Finding	Where to look
MidStream Anthropic error leaked into trace (#1)	Backend orchestrator stream consumer — the single user-facing error emit in `packages/agent-definition`. Wrap `MidStreamFallbackError` there into a typed `provider_overloaded` event; verify the litellm cross-provider fallback chain reaches a non-Anthropic provider.
Empty PDF read (#2)	VFS `read` tool + lawrence-api file resolver. Check whether bytes are missing on storage (S3) or the read path is returning an empty envelope; either way the tool should fail explicitly instead of returning `data:application/pdf;base64,` with no payload.

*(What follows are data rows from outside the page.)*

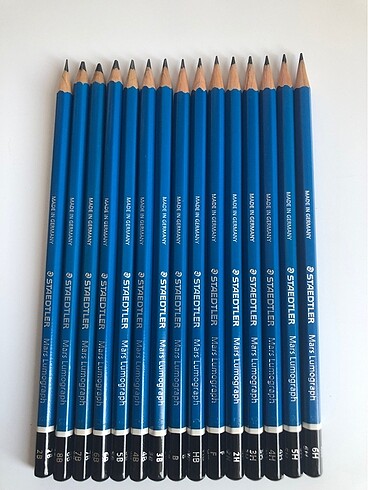 Staedtler Dereceli Kalem Seti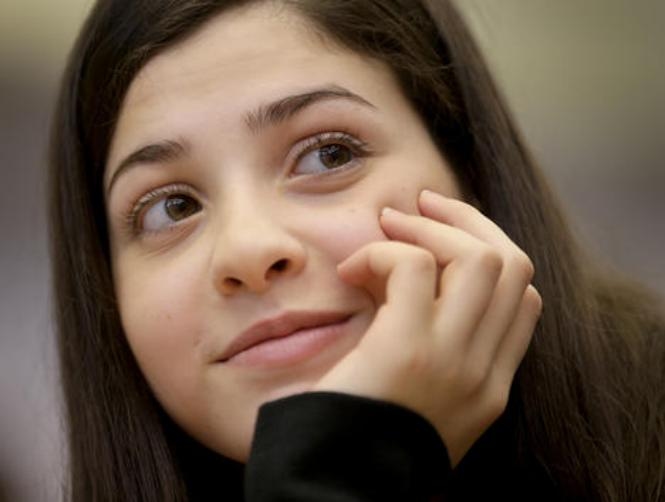 Watch: Refugee Swam to Escape Syria, Now Swimming in Rio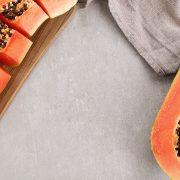 Qué beneficios tiene el licuado de papaya con avena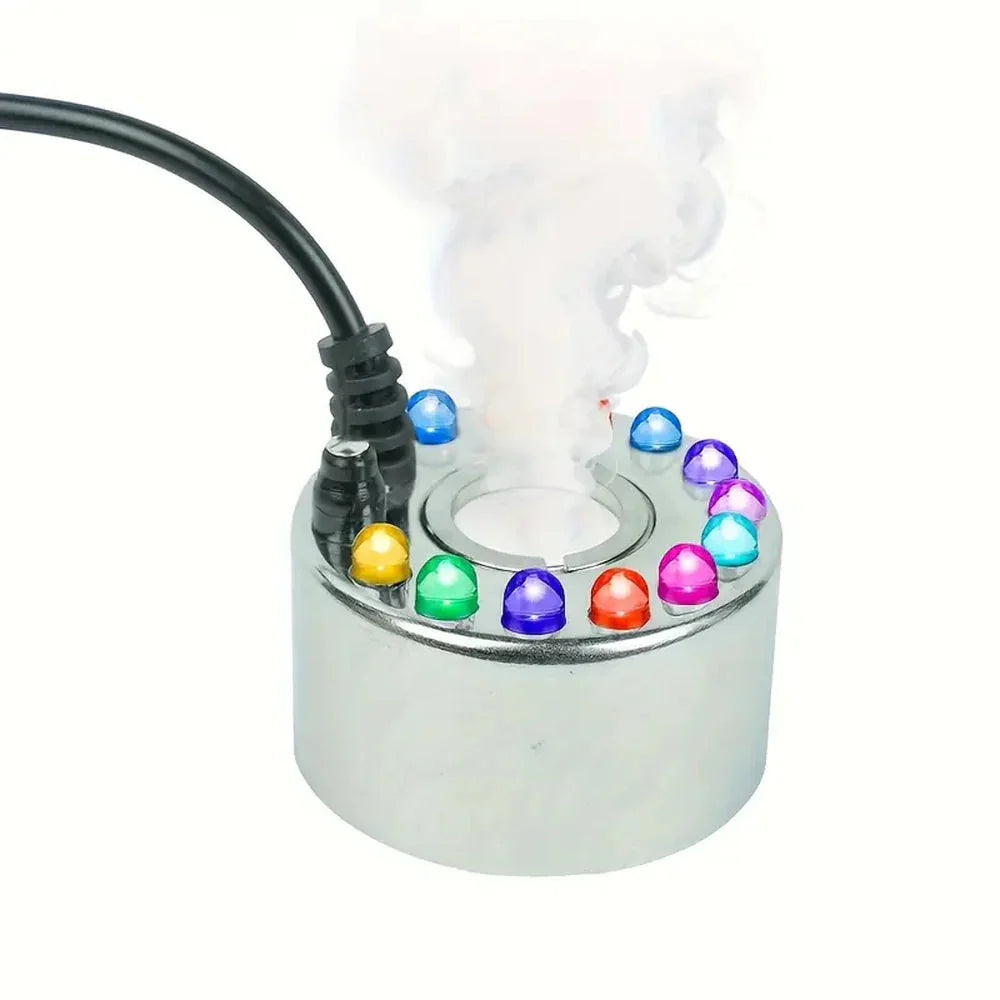 Ultraschall-Nebelmacher mit Wasserstandsensor – Qualitätsnebel in Sekunden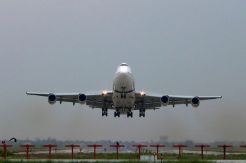 LAPAN: Sangkakala di Condet Mirip Suara Pesawat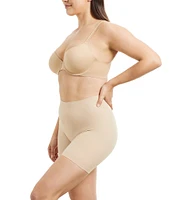 TC Fine Shapewear TC Sleek Essentials Waistline Bike Short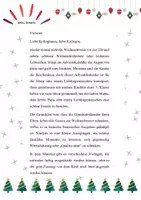 Vorschau - Mal- und Bastelvorlagen - Adventskalender für die Klasse - Seite 2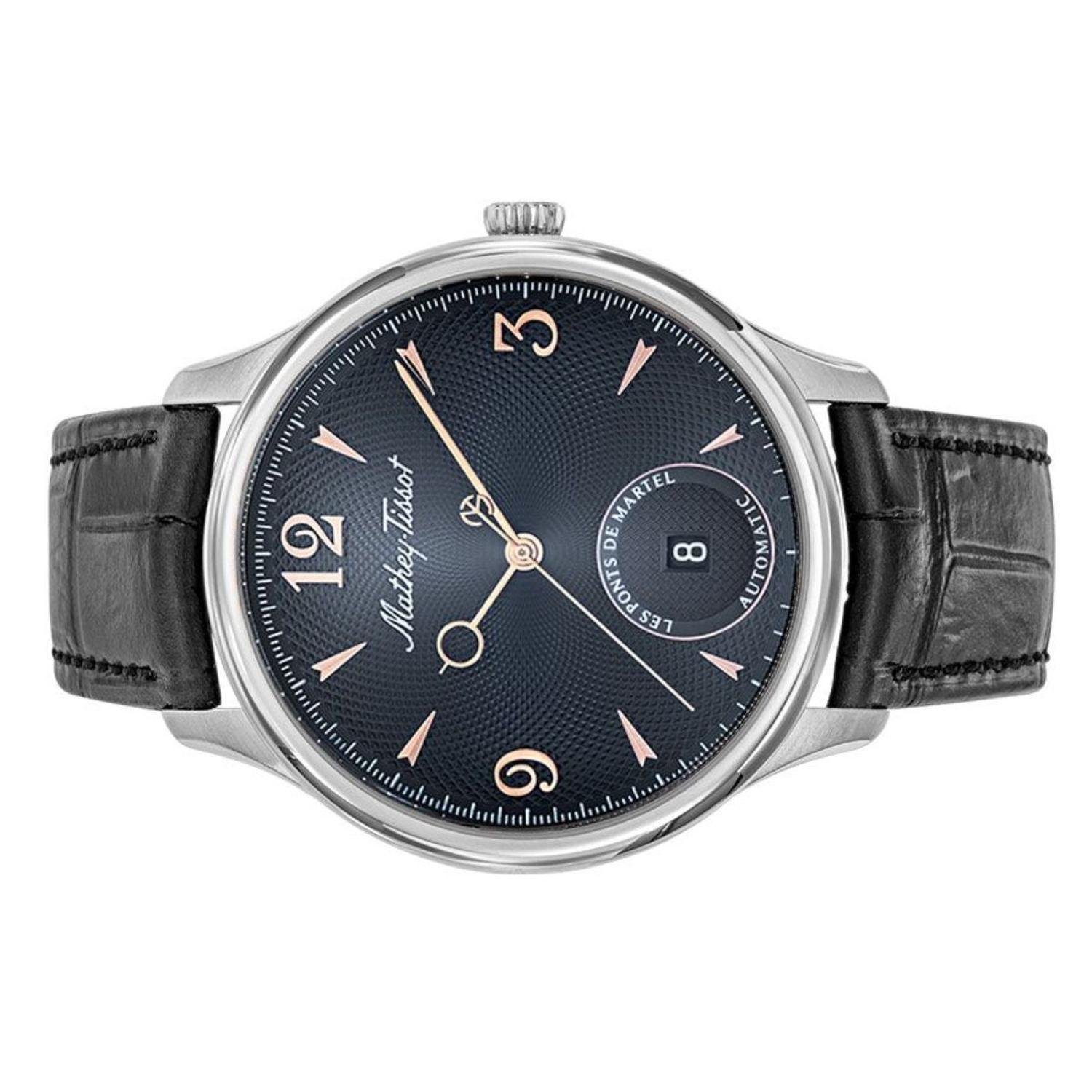 Reloj Mathey-Tissot Hombre Edmond Auto Havana AC1886CNA-1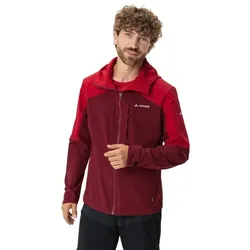 Vaude Elope Wind - Windjacke - Herren - Dark Red/Red - S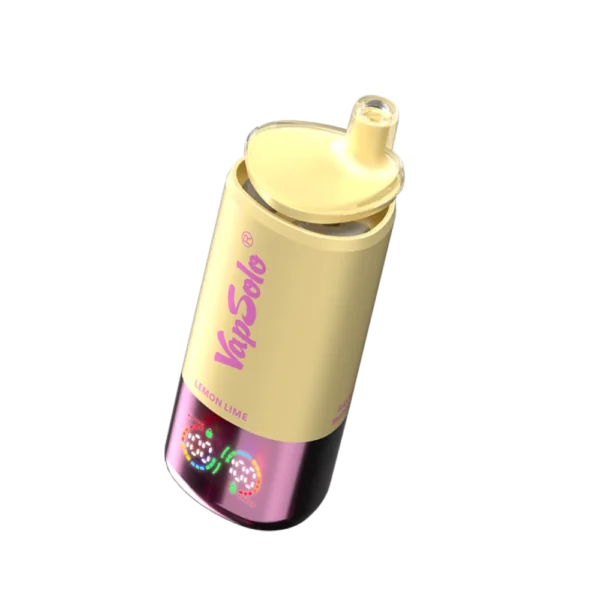 VapSolo Triple 30000 Puffs 3 Flavors in 1 LCD Screen 2% 5% Low Nicotine Bulk Buy Wholesale Rechargeable Disposable Vapes Pen - Image 8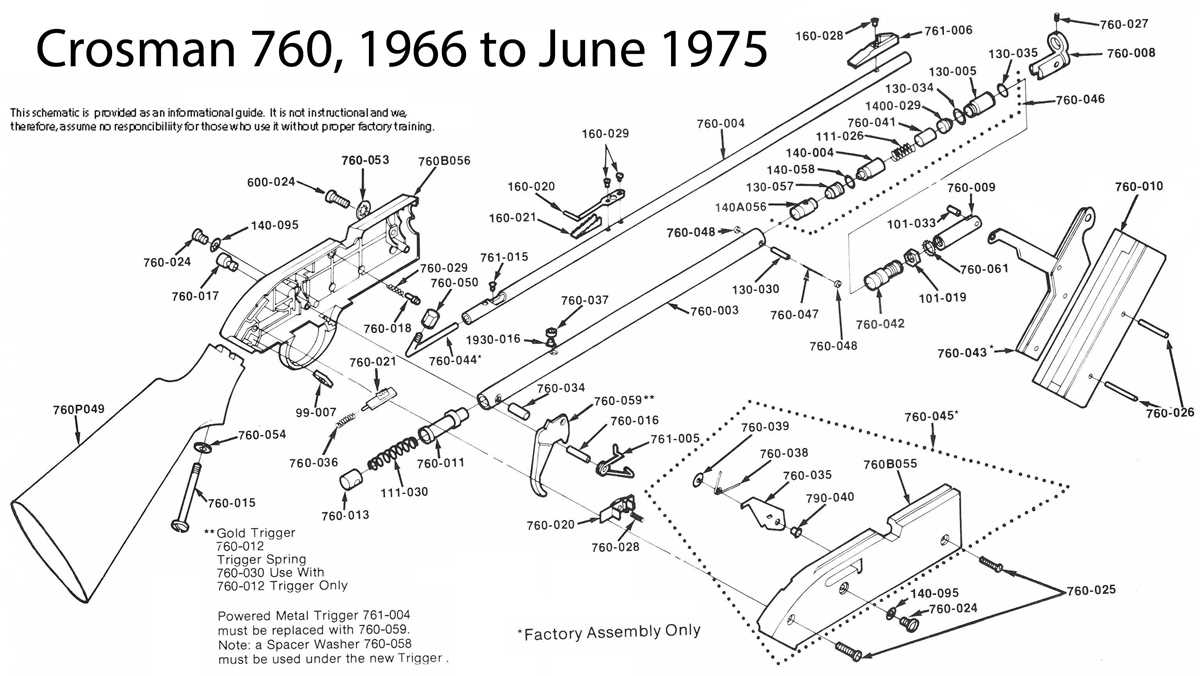 760 pumpmaster parts diagram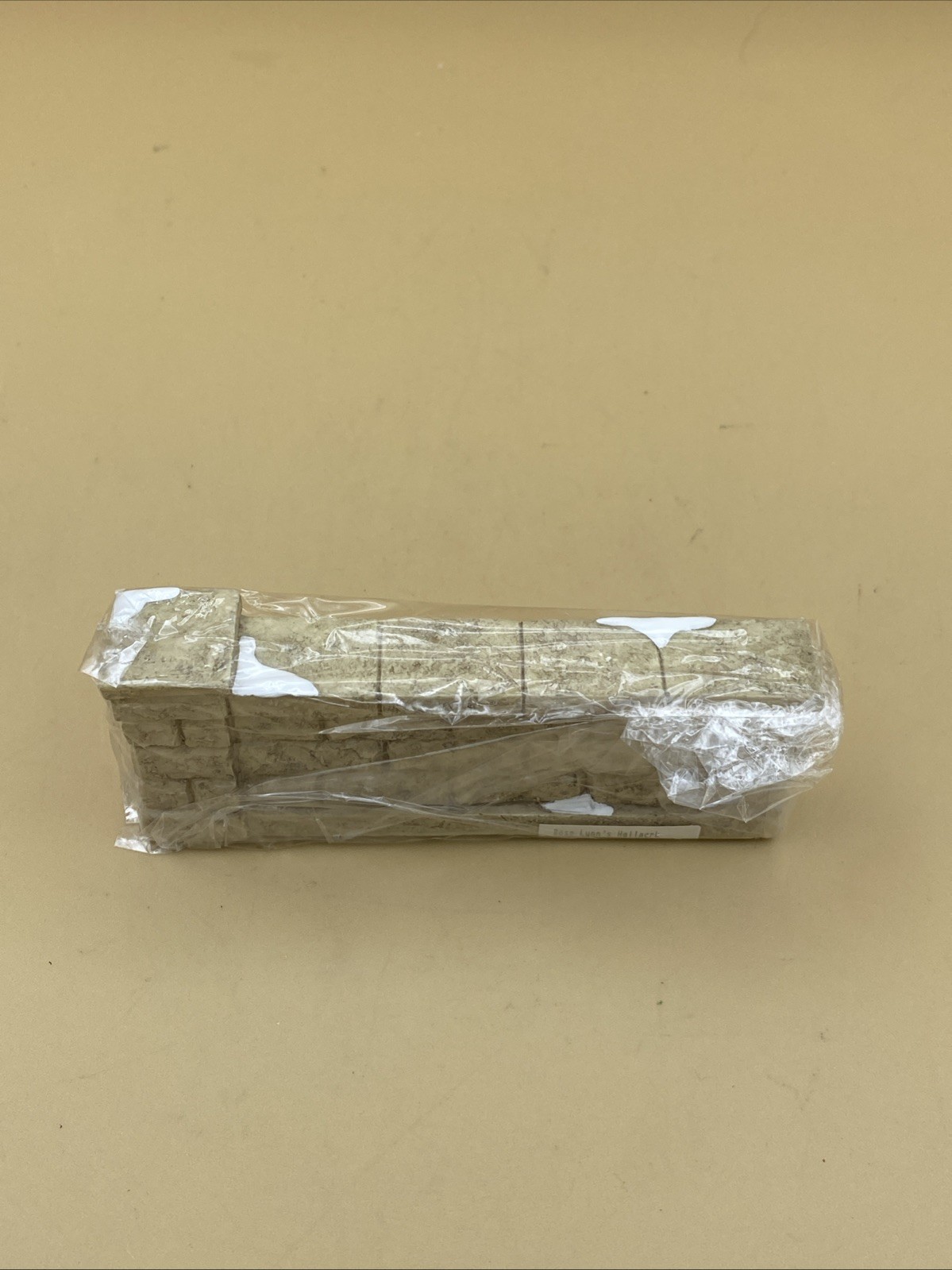 Dept 56 Village Camden Wall 52689 Old Store Stock 4.5 Inches Long X 2 inch Tall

Citations not structured (#3)	Langfuse `agent/lawrence-2` prompt (does it instruct the model to emit the citation marker syntax?) and the `chat-agent-embed-citations` feature flag. Parser + trace roll-up in `agent-definition` already exists.
Concatenated narration in saved transcript (#4)	lawrence-api stream adapter — the persisted UIMessage tee collapses tool-call boundaries at save time. Live render is fine; saved / audit form isn't.
Per-turn cost visibility (#5)	Once agents PR #564 lands, revisit the iteration loop in the chat agent — today it has an iteration cap (10) but no cost ceiling. Real-cost figures from corrected Langfuse will dictate whether a soft ceiling is needed.
Redundant scope re-flag (#7)	Langfuse `agent/lawrence-2` prompt + the drafting skill content loaded via `load_skill`. Prompt-side behaviour, not orchestrator.

When a Lawrence-2 trace surfaces trouble — quick triage

Unexpected tool used / write in a read-only context → check surface + use_vfs_tools resolution and the prompt name that actually got picked.
Missing or duplicated citations → check whether the model emitted the citation marker syntax in its output. If yes, parser side; if no, the prompt.
Laggy stream / wrong batching feel → frontend smoothing hook, backend fine-grained-streaming flag, gateway buffering headers.
Hallucinated content / missing matter context → CCO retrieval failure path silently falls back to empty context; check the fetch-case-context observation.
Generic "Error generating response" → root cause is upstream (LLM provider exception or context-window retry); the route-level OTel span carries the real error.message.